Now I gave BaseX a try and implemented one basic output of our online schedule in XQuery. Soon I noticed, that all of the intelligence should be managed inside XQuery as it should return the full-prepared html for presenting online.
Unfortunately we now have the impression, that we did not gain speed - to the contrary the query itself needs more execution time than the whole corresponding ready interface (including the user interface etc.)
I'm now interested in your general opinion about this: Is it surprising, that the XQuery implementation than the lxml/python one (For me it is, as I thought the indices etc. created when importing the data should decrease computational affords in searching the tree)? Is there some catch in my approach? May the reason be bad designing the query?
I would appreciate to hear from you, Ronny
On 03/28/2012 01:49 PM, Ronny Möbius wrote:
I'm now interested in your general opinion about this: Is it surprising, that the XQuery implementation than the lxml/python one (For me it is, as I thought the indices etc. created when importing the data should decrease computational affords in searching the tree)? Is there some catch in my approach? May the reason be bad designing the query?
Howdy, Ronny --
I can't speak for the BaseX team, but I can certainly say that the specific queries in use make a very, very big difference.
(Personally, by the way, I'm in the process of moving as much logic as I can into code running in BaseX simply because using XQuery 3.0 makes it hard to go back to the minimal XPath 1.0 implementation that libxml2, and thus lxml, supports).
On 03/28/2012 08:49 PM, Ronny Möbius wrote:
I'm now interested in your general opinion about this: Is it surprising, that the XQuery implementation than the lxml/python one (For me it is, as I thought the indices etc. created when importing the data should decrease computational affords in searching the tree)? Is there some catch in my approach? May the reason be bad designing the query?
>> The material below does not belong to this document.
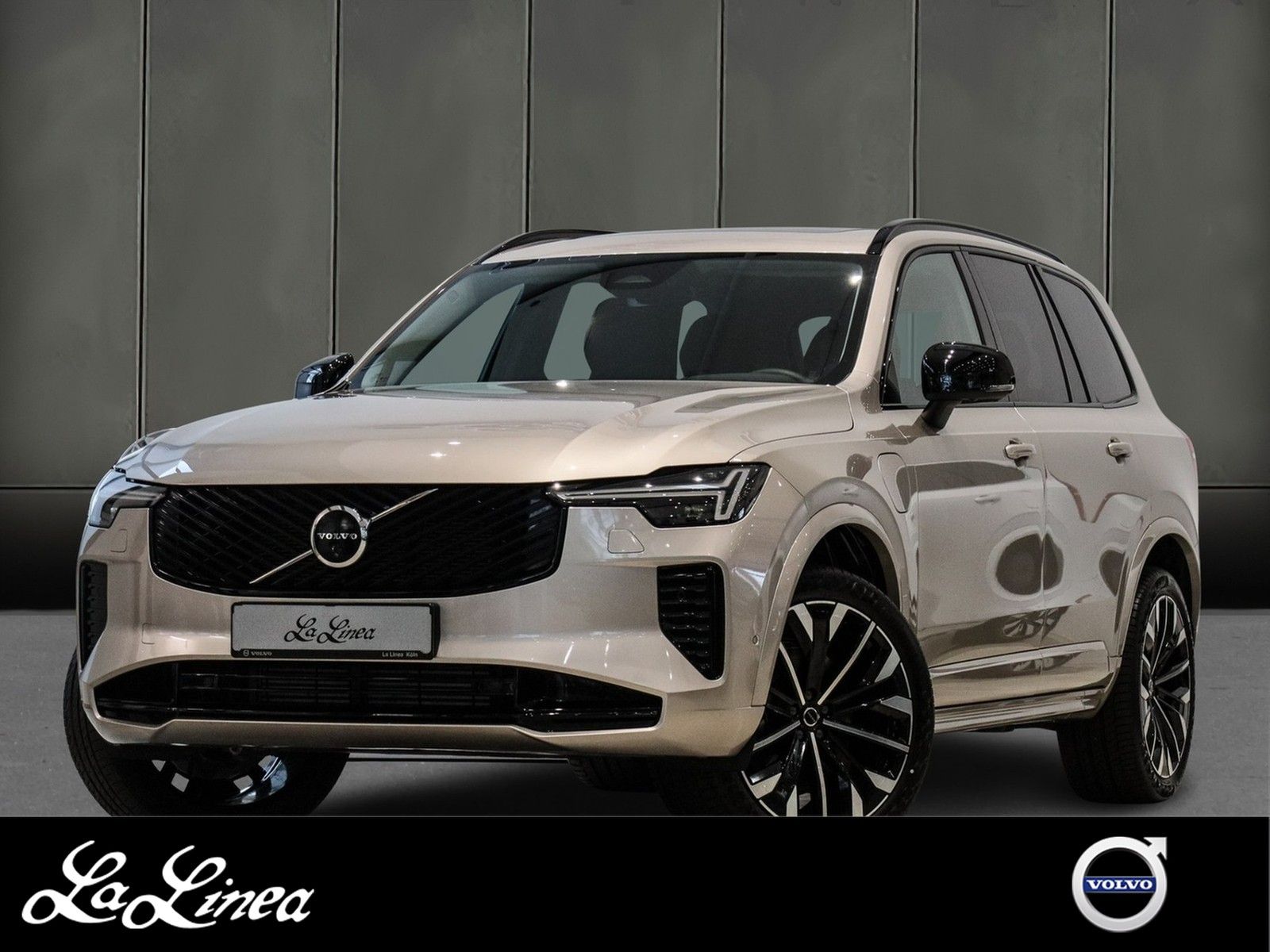 Volvo XC90 T8 AWD Recharge Reskin Plus Dark NP:95.340,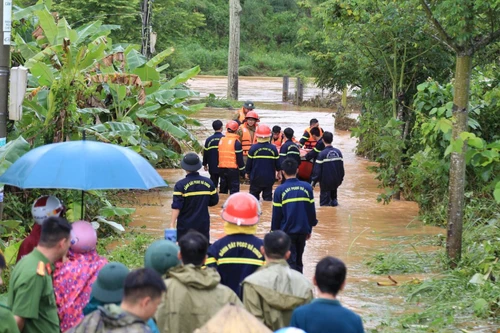 Tám người thiệt mạng do mưa lũ, nhiều tuyến quốc lộ vẫn tê liệt vì sạt lở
I suppose it relies heavily on the query and the query processor, rewritings, cost based analysis and index structures. Thus I suppose it would be the best to write the queries in a reply, such that the BaseX team can make suggestions for similar queries which better utilize index-structures and the query optimizations from the query processor. Maybe you can also create a database in memory which doesn't have to be persisted (plus deactivating certain indexes which are not needed).
kind regards, Johannes
Hi Ronny,
Hi Johannes & Charles, thanks for joining the conversation.
In my opinion, and speaking officially for BaseX, I'd suppose that XML processing with BaseX databases should almost always[1] be faster than processing the XML sequentially via lxml.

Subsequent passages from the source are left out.